PROBLEM TO SOLVE. In the records below, the relevant part opens with the line containing "Opel Mokka bei" and closes with the line containing "Figure US07119200-20061010-C01135"; print that part exactly and only, without its pictures.

MATERIAL SHOWN.
● ● ● ● ● ● ●

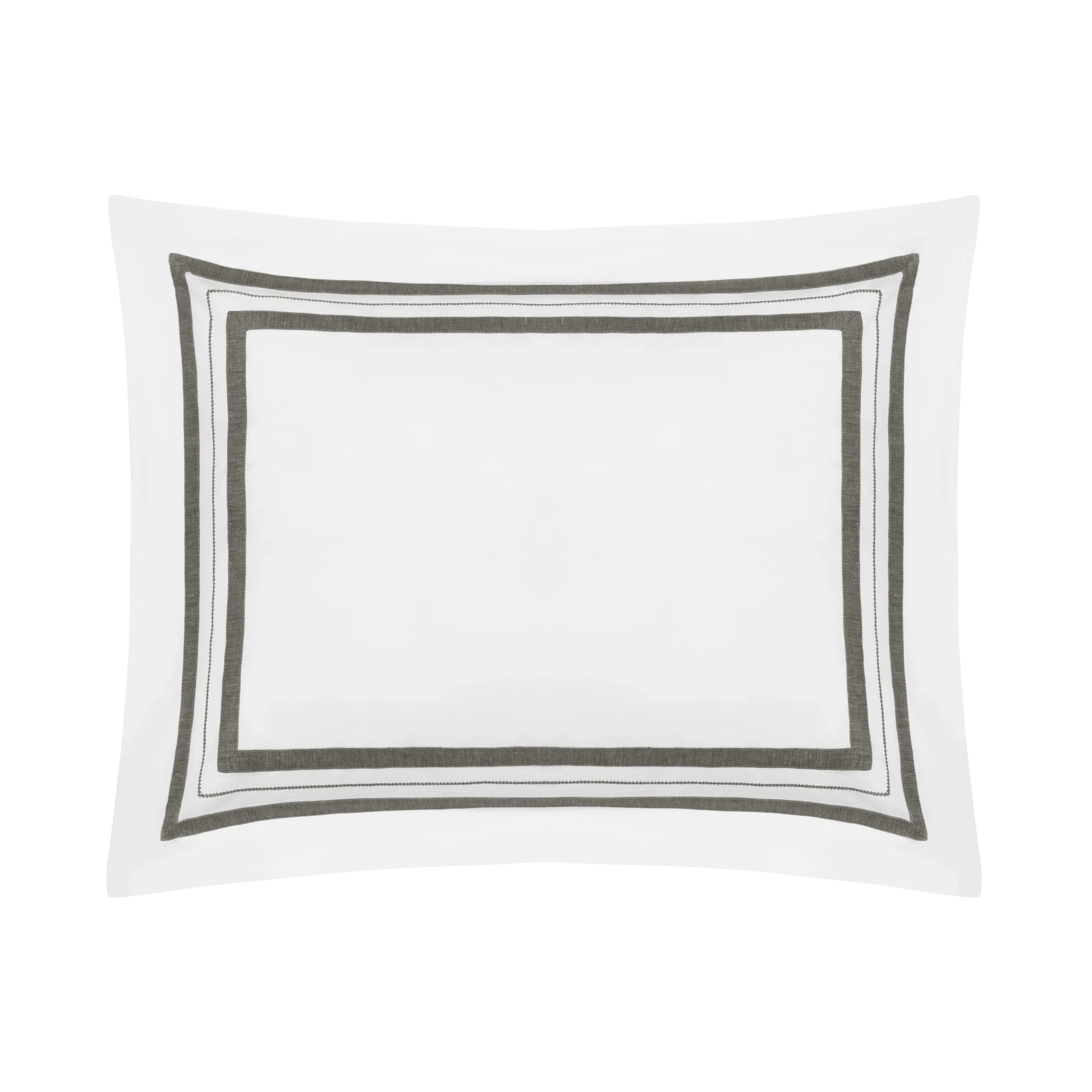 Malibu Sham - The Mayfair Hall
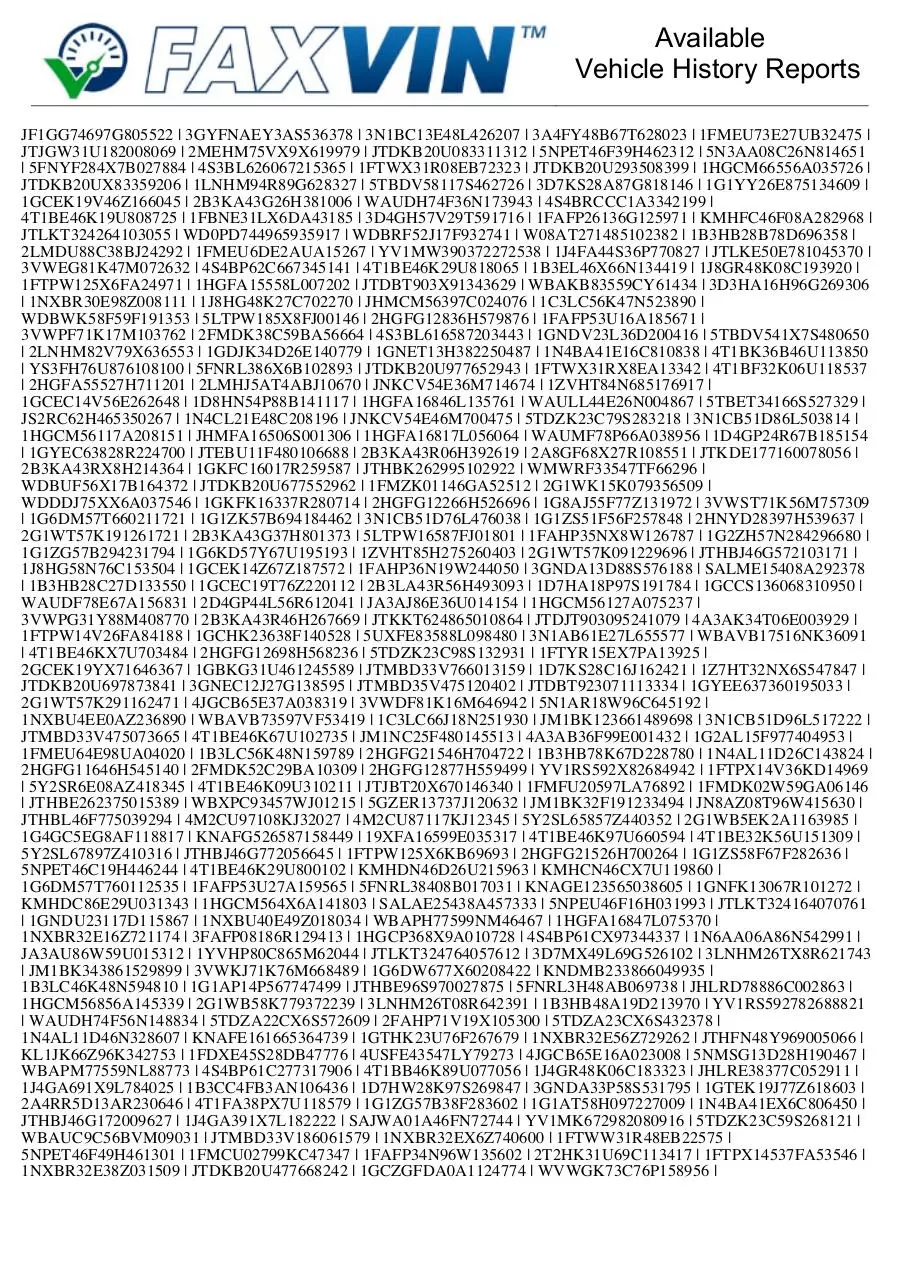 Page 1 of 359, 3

● ● ● ● ● ● ●

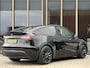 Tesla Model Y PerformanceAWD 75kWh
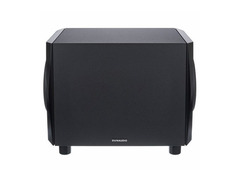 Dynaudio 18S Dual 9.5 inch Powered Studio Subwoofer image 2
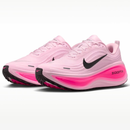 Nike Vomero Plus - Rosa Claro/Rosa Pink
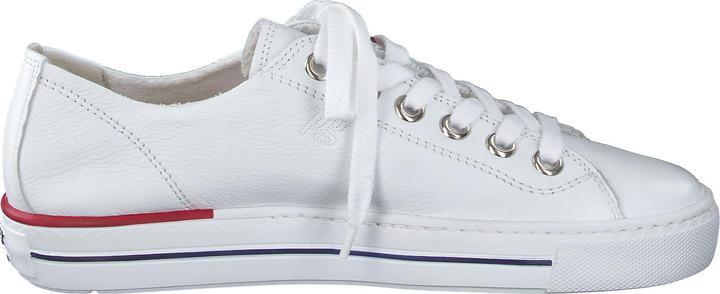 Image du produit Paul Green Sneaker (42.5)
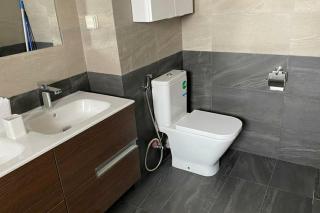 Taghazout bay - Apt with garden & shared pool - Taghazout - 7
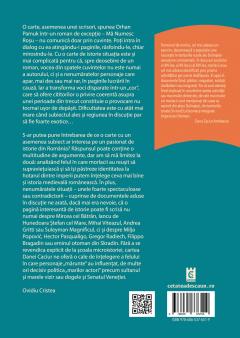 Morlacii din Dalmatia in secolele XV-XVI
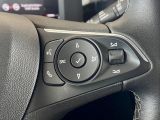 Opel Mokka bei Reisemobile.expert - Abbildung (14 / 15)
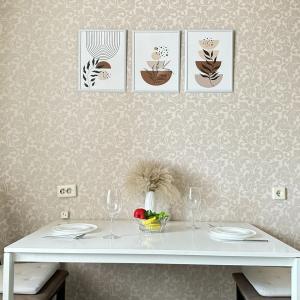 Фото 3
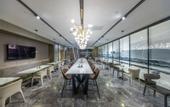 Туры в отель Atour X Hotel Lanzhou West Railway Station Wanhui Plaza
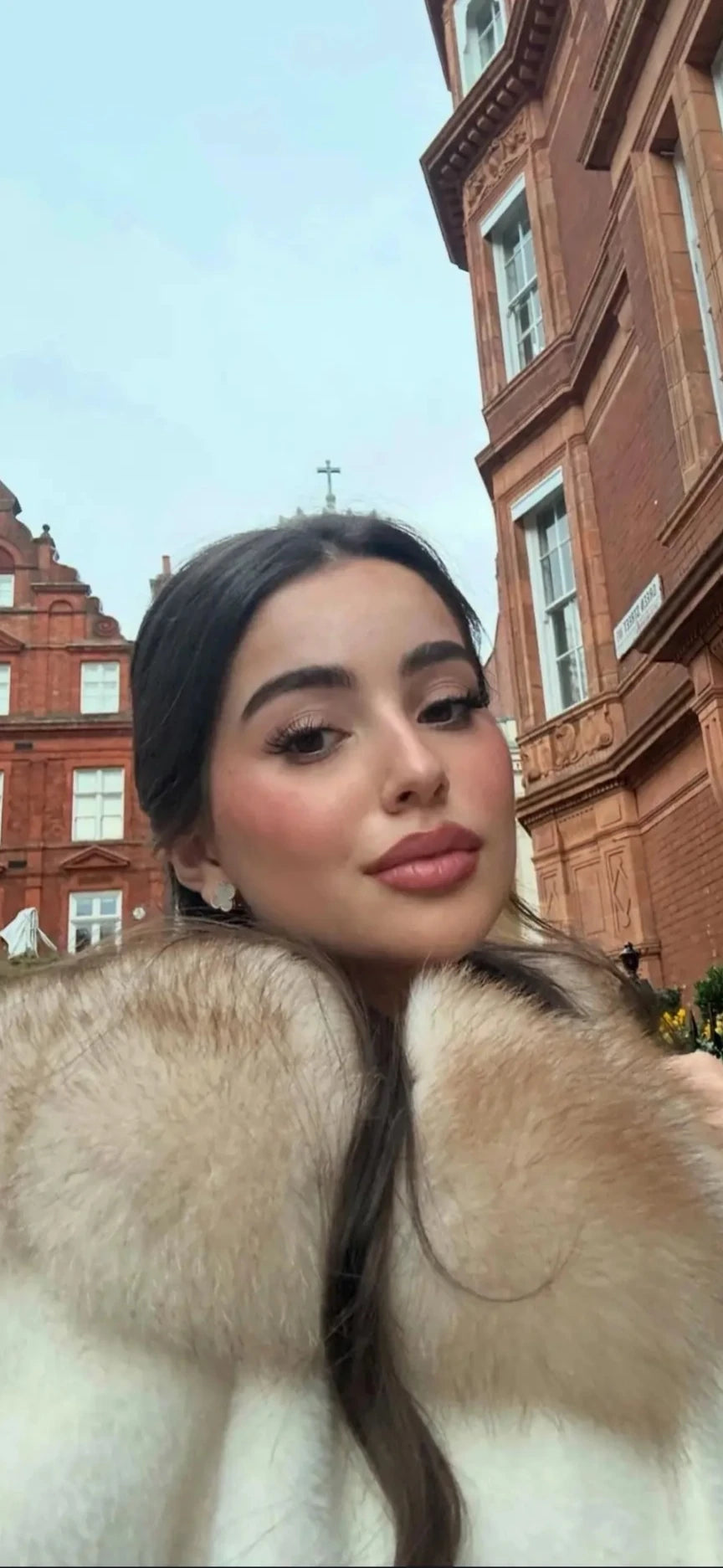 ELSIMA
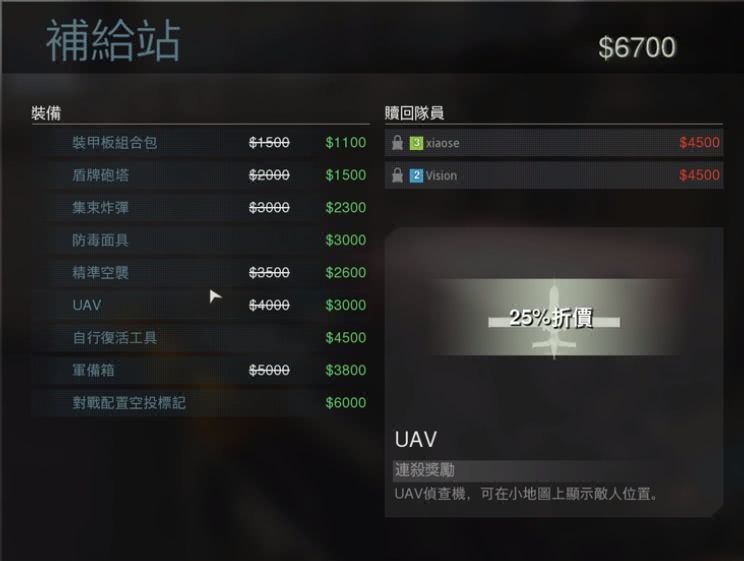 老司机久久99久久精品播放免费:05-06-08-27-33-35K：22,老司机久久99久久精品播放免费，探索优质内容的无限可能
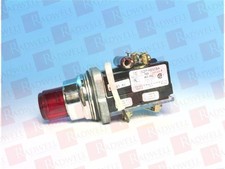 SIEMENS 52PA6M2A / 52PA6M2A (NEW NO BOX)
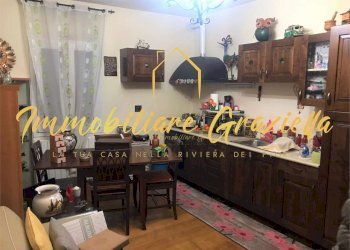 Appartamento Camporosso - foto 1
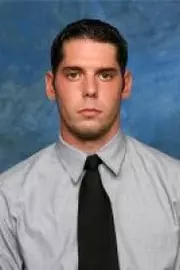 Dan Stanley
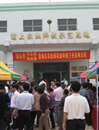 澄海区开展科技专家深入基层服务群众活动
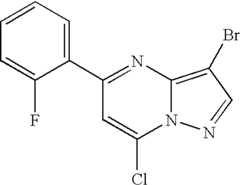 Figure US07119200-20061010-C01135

● ● ● ● ● ● ●

SOLUTION TO THIS EXERCISE.
 Opel Mokka bei Reisemobile.expert - Abbildung (14 / 15)
 Фото 3
 Туры в отель Atour X Hotel Lanzhou West Railway Station Wanhui Plaza
 ELSIMA
 老司机久久99久久精品播放免费:05-06-08-27-33-35K：22,老司机久久99久久精品播放免费，探索优质内容的无限可能
 SIEMENS 52PA6M2A / 52PA6M2A (NEW NO BOX)
 Appartamento Camporosso - foto 1
 Dan Stanley
 澄海区开展科技专家深入基层服务群众活动
 Figure US07119200-20061010-C01135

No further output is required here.